What is schema evolution in kafka

KafkaConceptBeginner · 4 min read

Schema Evolution in Kafka: What It Is and How It Works

Schema evolution in Kafka is the process of safely changing the data format (schema) used in messages over time without breaking existing consumers. It allows producers and consumers to handle new or modified fields by using compatible schema versions registered in a Schema Registry.

⚙️

How It Works

Imagine you have a form that people fill out, and over time you want to add or change some questions without confusing those who already have old forms. Schema evolution in Kafka works similarly by letting you update the structure of your data messages while keeping old and new versions compatible.

Kafka uses a Schema Registry to store different versions of schemas. When a producer sends data, it attaches a schema version. Consumers check this version and understand how to read the data, even if the schema changed. This way, new fields can be added, or some fields can be removed or renamed, as long as the changes follow compatibility rules.

This process ensures that your data pipeline keeps running smoothly even when your data format evolves, avoiding crashes or data loss.

💻

Example

This example shows how to register two versions of a schema in the Schema Registry and produce messages with each version using Avro format.

java

import io.confluent.kafka.schemaregistry.client.CachedSchemaRegistryClient;
import io.confluent.kafka.schemaregistry.client.SchemaRegistryClient;
import io.confluent.kafka.schemaregistry.avro.AvroSchema;
import org.apache.avro.Schema;

public class SchemaEvolutionExample {
    public static void main(String[] args) throws Exception {
        String schemaRegistryUrl = "http://localhost:8081";
        SchemaRegistryClient client = new CachedSchemaRegistryClient(schemaRegistryUrl, 10);

        // Version 1 schema
        String userSchemaV1 = "{\n" +
                " \"type\": \"record\",\n" +
                " \"name\": \"User\",\n" +
                " \"fields\": [\n" +
                "   {\"name\": \"name\", \"type\": \"string\"}\n" +
                " ]\n" +
                "}";

        // Register version 1
        Schema schemaV1 = new Schema.Parser().parse(userSchemaV1);
        int idV1 = client.register("User-value", new AvroSchema(schemaV1));

        // Version 2 schema with new optional field 'age'
        String userSchemaV2 = "{\n" +
                " \"type\": \"record\",\n" +
                " \"name\": \"User\",\n" +
                " \"fields\": [\n" +
                "   {\"name\": \"name\", \"type\": \"string\"},\n" +
                "   {\"name\": \"age\", \"type\": [\"null\", \"int\"], \"default\": null}\n" +
                " ]\n" +
                "}";

        // Register version 2
        Schema schemaV2 = new Schema.Parser().parse(userSchemaV2);
        int idV2 = client.register("User-value", new AvroSchema(schemaV2));

        System.out.println("Registered schema V1 id: " + idV1);
        System.out.println("Registered schema V2 id: " + idV2);
    }
}

Output

Registered schema V1 id: 1 Registered schema V2 id: 2

🎯

When to Use

Use schema evolution in Kafka when your data format needs to change over time but you want to keep your system running without interruptions.
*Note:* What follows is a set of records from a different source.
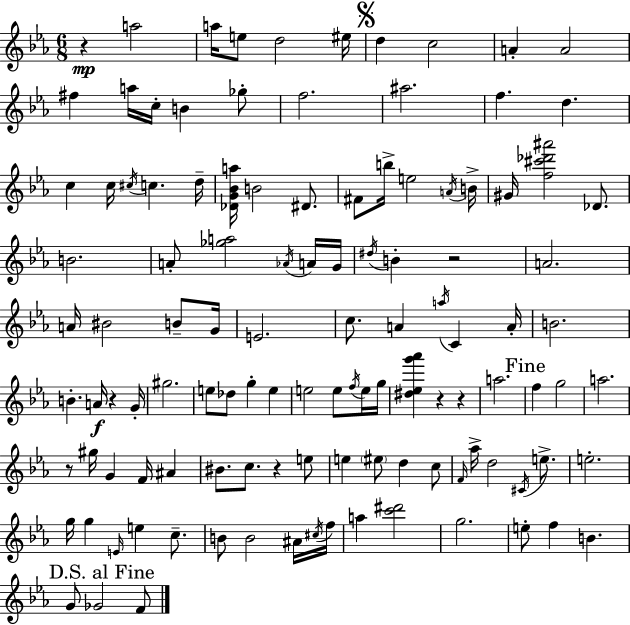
R/q A5/h A5/s E5/e D5/h EIS5/s D5/q C5/h A4/q A4/h F#5/q A5/s C5/s B4/q Gb5/e F5/h. A#5/h. F5/q. D5/q. C5/q C5/s C#5/s C5/q. D5/s [Db4,G4,Bb4,A5]/s B4/h D#4/e. F#4/e B5/s E5/h A4/s B4/s G#4/s [F5,C#6,Db6,A#6]/h Db4/e. B4/h. A4/e [Gb5,A5]/h Ab4/s A4/s G4/s D#5/s B4/q R/h A4/h. A4/s BIS4/h B4/e G4/s E4/h. C5/e. A4/q A5/s C4/q A4/s B4/h. B4/q. A4/s R/q G4/s G#5/h. E5/e Db5/e G5/q E5/q E5/h E5/e F5/s E5/s G5/s [D#5,Eb5,G6,Ab6]/q R/q R/q A5/h. F5/q G5/h A5/h. R/e G#5/s G4/q F4/s A#4/q BIS4/e. C5/e. R/q E5/e E5/q EIS5/e D5/q C5/e F4/s Ab5/s D5/h C#4/s E5/e. E5/h. G5/s G5/q E4/s E5/q C5/e. B4/e B4/h A#4/s C#5/s F5/s A5/q [C6,D#6]/h G5/h. E5/e F5/q B4/q. G4/e Gb4/h F4/e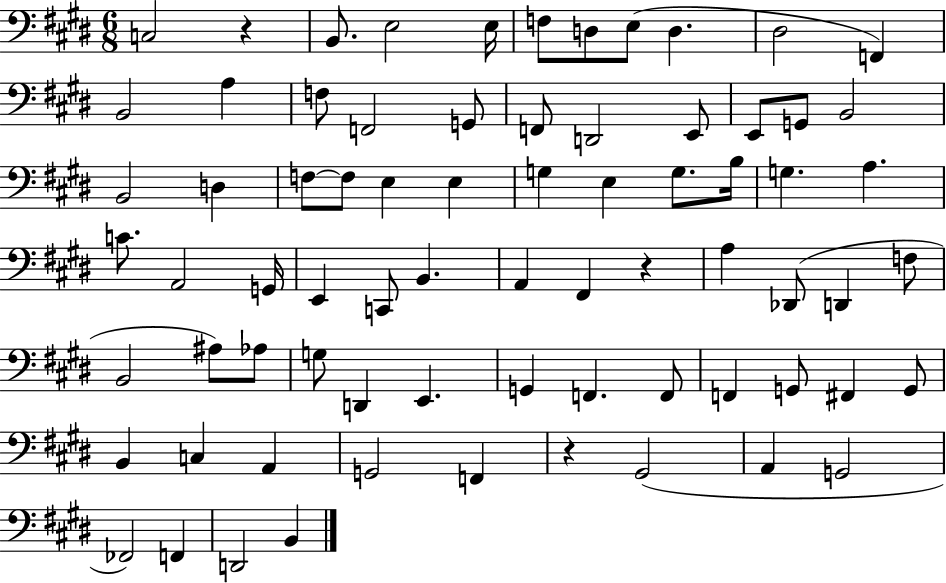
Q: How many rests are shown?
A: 3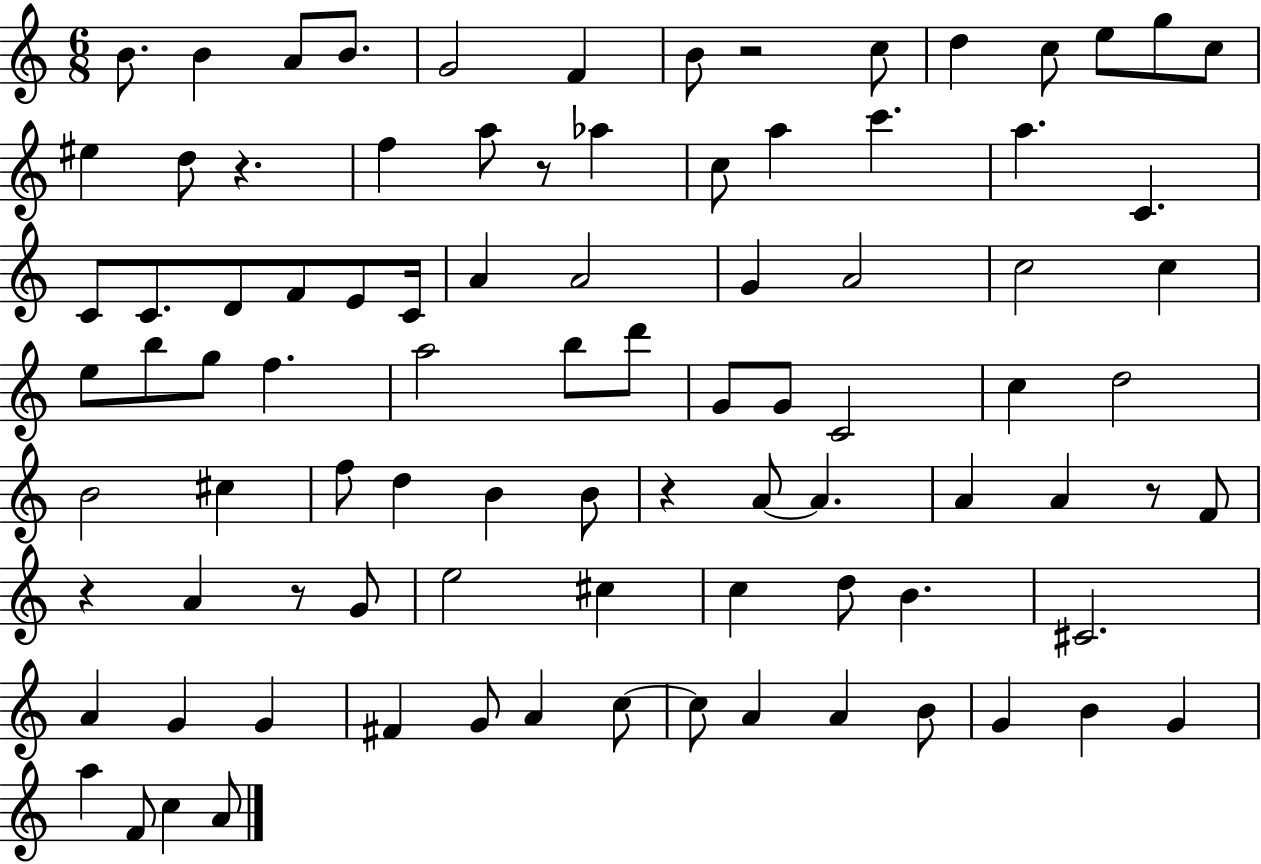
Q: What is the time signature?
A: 6/8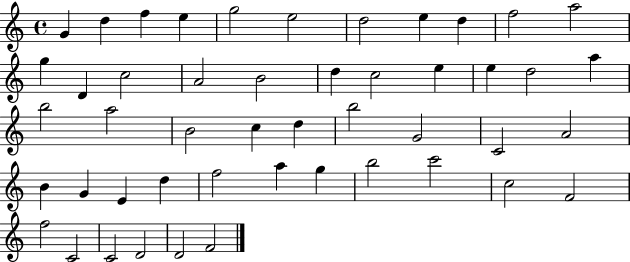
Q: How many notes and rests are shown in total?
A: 48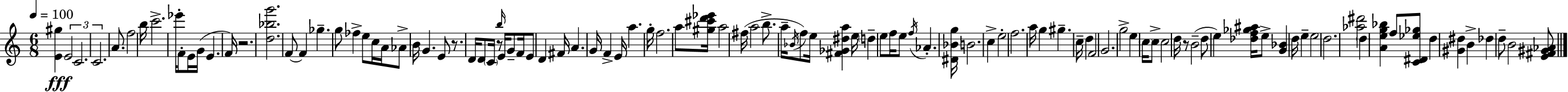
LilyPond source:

{
  \clef treble
  \numericTimeSignature
  \time 6/8
  \key c \major
  \tempo 4 = 100
  <e' gis''>4\fff \tuplet 3/2 { e'2 | c'2. | c'2. } | a'8. f''2 b''16 | \break c'''2.-> | ees'''16-. f'8-. e'16 g'16( e'4. f'16) | r2. | <d'' bes'' g'''>2. | \break f'8~~ f'4 ges''4.-- | g''8 fes''4-> e''8 c''16 a'16 aes'8-> | b'16 g'4. e'8 r8. | d'16 d'8 \parenthesize c'16 r8 \grace { b''16 } e'16 g'8-- f'16 e'8 | \break d'4 fis'16 a'4. | g'16 f'4-> e'16 a''4. | g''16-. f''2. | a''8 <gis'' cis''' d''' ees'''>16 a''2 | \break fis''16( a''2 b''8.-> | a''16-- \acciaccatura { bes'16 } f''8) e''16 <fis' ges' dis'' a''>4 e''16 \parenthesize d''4-- | e''8 f''16 e''8 \acciaccatura { f''16 } aes'4.-. | <dis' bes' g''>16 b'2. | \break c''4-> e''2-. | f''2. | a''16 g''4 gis''4.-- | c''16-- d''4 f'2 | \break g'2. | g''2-> e''4 | \parenthesize c''16 c''8-> c''2 | d''16 r8 b'2--( | \break d''8 e''4) <des'' f'' ges'' ais''>16 e''8-> <g' bes'>4 | d''16 e''4-- e''2 | d''2. | <aes'' dis'''>2 \parenthesize d''4 | \break <a' e'' g'' bes''>4 f''8 <c' dis' ees'' ges''>8 d''4 | <gis' dis''>4 b'4-> des''4 | d''8-- b'2 | <e' fis' gis' aes'>8 \bar "|."
}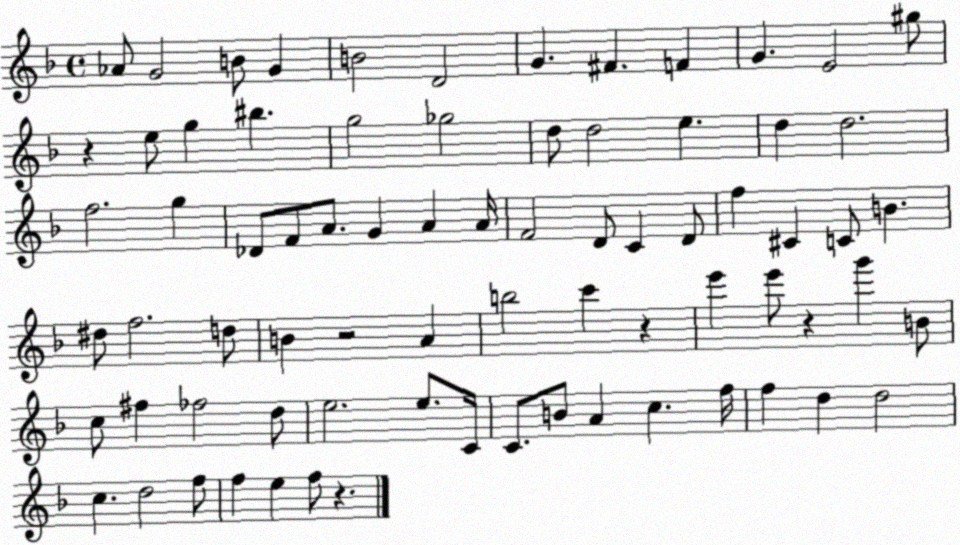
X:1
T:Untitled
M:4/4
L:1/4
K:F
_A/2 G2 B/2 G B2 D2 G ^F F G E2 ^g/2 z e/2 g ^b g2 _g2 d/2 d2 e d d2 f2 g _D/2 F/2 A/2 G A A/4 F2 D/2 C D/2 f ^C C/2 B ^d/2 f2 d/2 B z2 A b2 c' z e' e'/2 z g' B/2 c/2 ^f _f2 d/2 e2 e/2 C/4 C/2 B/2 A c f/4 f d d2 c d2 f/2 f e f/2 z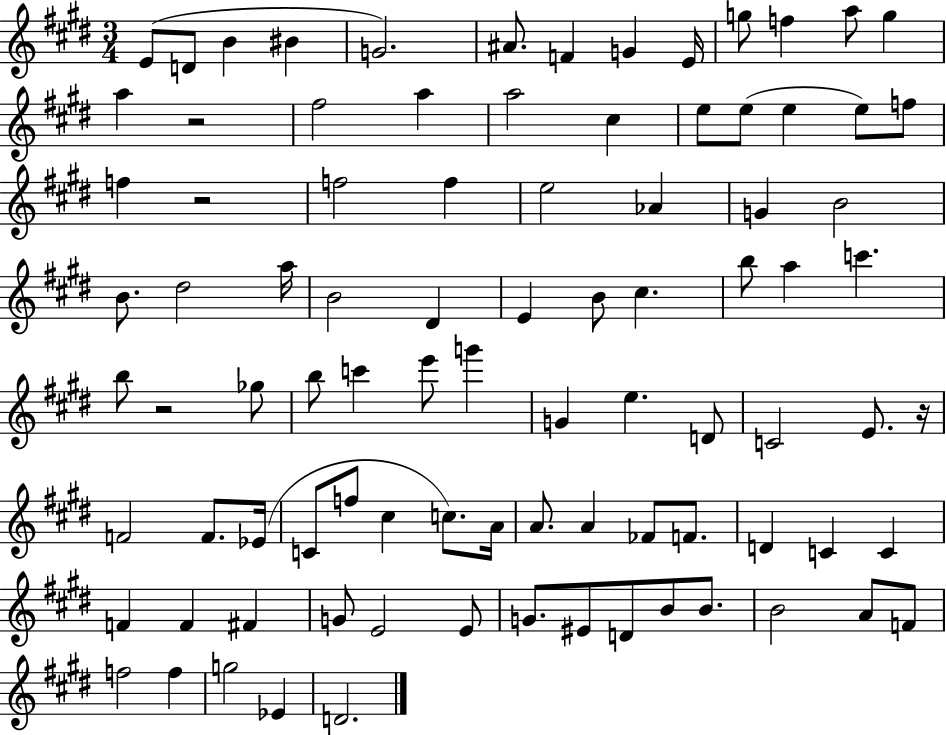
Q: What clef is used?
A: treble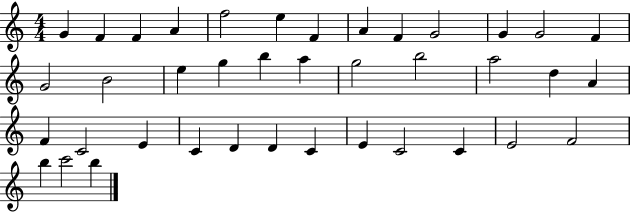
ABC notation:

X:1
T:Untitled
M:4/4
L:1/4
K:C
G F F A f2 e F A F G2 G G2 F G2 B2 e g b a g2 b2 a2 d A F C2 E C D D C E C2 C E2 F2 b c'2 b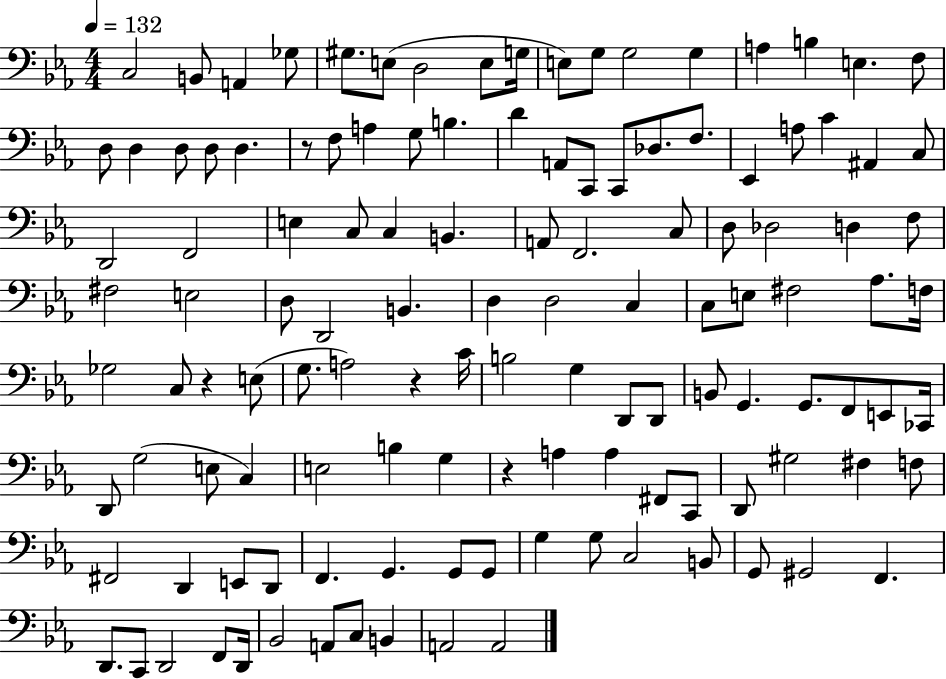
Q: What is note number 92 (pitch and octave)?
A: G#3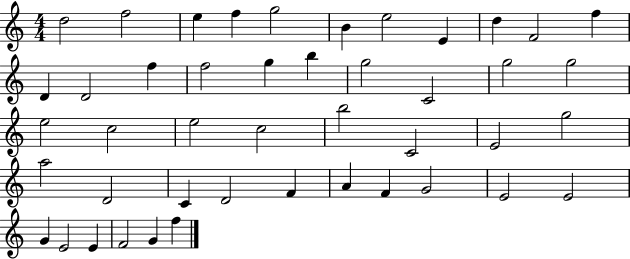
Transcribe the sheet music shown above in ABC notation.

X:1
T:Untitled
M:4/4
L:1/4
K:C
d2 f2 e f g2 B e2 E d F2 f D D2 f f2 g b g2 C2 g2 g2 e2 c2 e2 c2 b2 C2 E2 g2 a2 D2 C D2 F A F G2 E2 E2 G E2 E F2 G f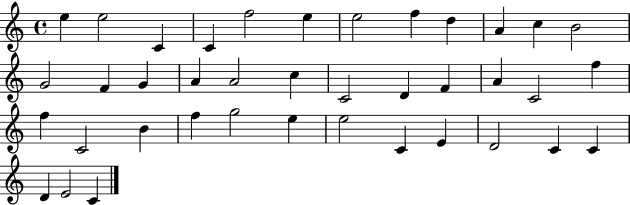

For example:

Adding new fields to messages without breaking old consumers.
Removing or deprecating fields safely.
Changing data types with backward or forward compatibility.

This is common in event-driven systems, microservices, and data pipelines where producers and consumers evolve independently.

✅

Key Points

Schema evolution allows safe changes to message formats in Kafka.
It relies on a Schema Registry to manage schema versions.
Compatibility rules ensure producers and consumers can work together.
Common changes include adding optional fields or default values.
It prevents data processing errors during schema changes.

✅

Key Takeaways

Schema evolution lets Kafka handle changes in data format without breaking consumers.

A Schema Registry stores and manages different schema versions for compatibility.

Use schema evolution to add, remove, or modify fields safely in your Kafka messages.

Compatibility rules (backward, forward) guide how schemas can evolve without errors.

Schema evolution is essential for maintaining stable, flexible data pipelines.